Burch was born on November 20, 1900, in Yonkers, New York, but moved to Toronto at a young age and grew up in the Ontario capital as a multi-sport athlete playing lacrosse, football and hockey. In football, Burch played quarterback for the Toronto Central YMCA team that won the provincial junior championship in 1920. That same year he was a teammate of Lionel Conacher and Roy Worters with the Toronto Canoe Club Paddlers hockey team which won the 1920 Memorial Cup as the Dominion champions of Canada. Burch led all players in the Memorial Cup playoffs with 42 goals, 12 assists and 54 points in 12 games. He spent the following two seasons with the Toronto Aura Lee team in the Ontario Hockey Association.

==NHL career==
After beginning the 1922–23 season with the Westminster Hockey Club in the United States Amateur Hockey Association, Burch was signed to a contract by the Hamilton Tigers on January 30, 1923. He joined a Tigers team that was last in the four-team NHL, but which improved as he did. After scoring six goals in ten games to finish that season, Burch finished in a tie for third in NHL scoring in 1923–24 with 22 points. The Tigers finished 1924–25 as the regular season champions with a record, and Burch was voted the winner of the Hart Trophy as the league's most valuable player following a 20-goal regular season.

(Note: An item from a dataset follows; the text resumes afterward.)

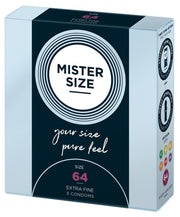 MISTER SIZE 64mm Kondom (3 Stk)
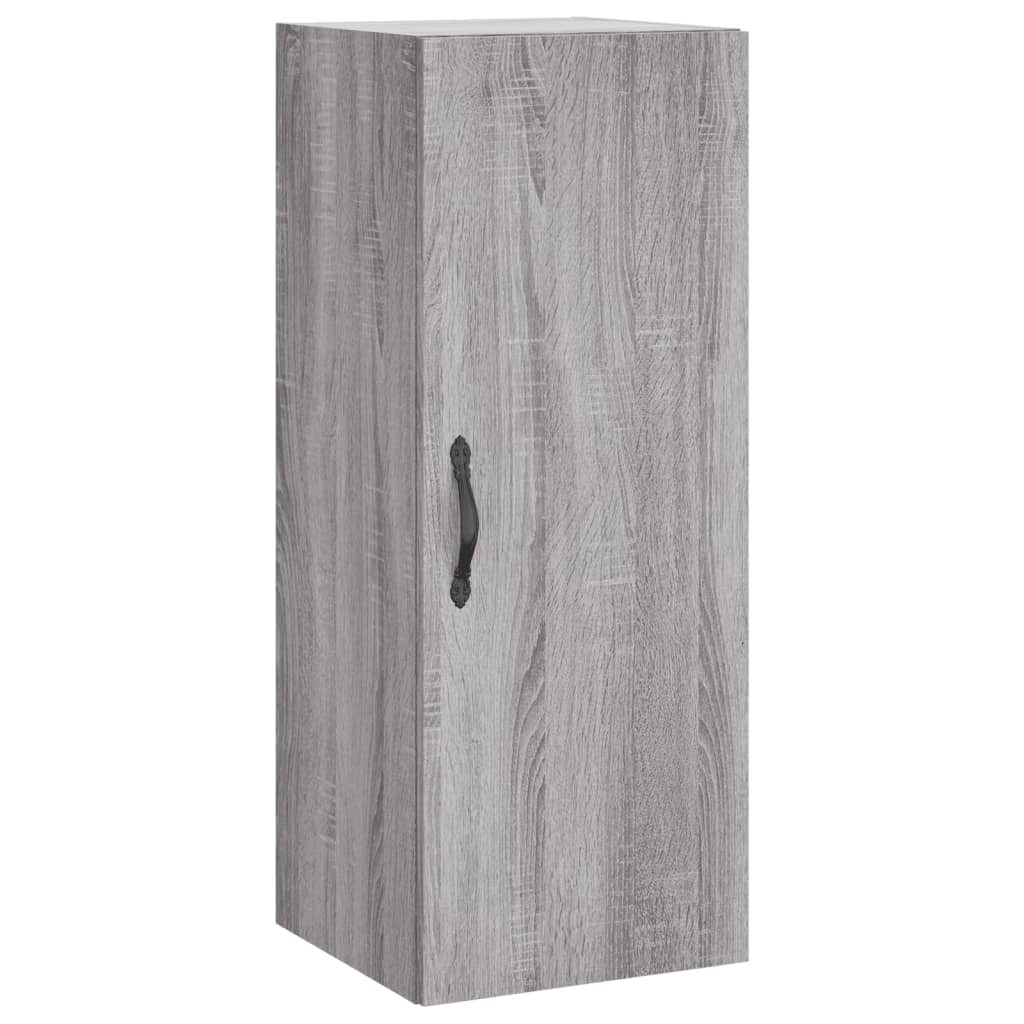 Wandkast 34,5x34x90 cm bewerkt hout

The NHL had expanded by two teams that season and the schedule increased from 24 to 30 games, however Burch and his teammates were not paid any extra compensation by the Tigers. In protest, the players demanded that the team and league pay each individual $200 for the additional regular season and playoff games, or they would refuse to play the NHL championship series. After defying an order by league president Frank Calder to play, the team was disqualified and the Montreal Canadiens, who won the semi-final series, were declared league champions. The Tigers' actions constituted the first player's strike in NHL history. The Tigers franchise was sold and relocated for the 1925–26 season.

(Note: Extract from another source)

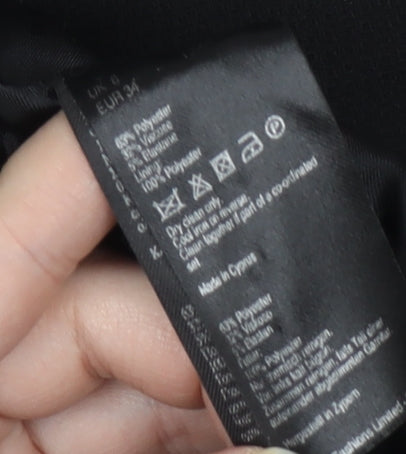 Oasis Women's Black Slim Fit Blazer Size 8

The franchise became the New York Americans, and Burch was named the team's captain, a position he would hold until 1932. The team played up his New York birth; he was dubbed both "Yonkers Billy Burch" and "the Babe Ruth of hockey". Burch scored the first goal in Americans' franchise history on December 2, 1925, in a 2–1 victory over the Pittsburgh Pirates, and finished the season eighth in league scoring with 25 points. He again finished eighth in scoring, with 27 points, in 1926–27, and was voted the winner of the Lady Byng Trophy, awarded for his "effectiveness and a true sporting spirit".

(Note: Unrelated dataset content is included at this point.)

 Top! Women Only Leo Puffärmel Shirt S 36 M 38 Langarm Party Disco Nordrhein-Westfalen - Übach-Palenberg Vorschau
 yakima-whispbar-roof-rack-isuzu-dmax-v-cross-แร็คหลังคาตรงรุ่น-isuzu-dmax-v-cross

Following a last-place finish in the Canadian Division, the Americans revamped their roster for the 1928–29 season. Of the team's regulars the past season, only Burch and Lionel Conacher were retained. Burch scored 11 goals and 16 points for New York and played the only two playoff games of his NHL career after the team improved to a second-place finish. He scored only 10 points in 1929–30 before improving to 22 points in each of the following two campaigns. Approaching the end of his career, Burch was sold by New York to the Boston Bruins prior to the 1932–33 season. However, he did not see much playing time in Boston in the first part of the season and on January 17, 1933, was traded to the Chicago Black Hawks in exchange for Vic Ripley. Burch suffered a broken leg at the end of the season which spelled the end of his playing career. Burch was the last active NHL player who had played with the Hamilton Tigers.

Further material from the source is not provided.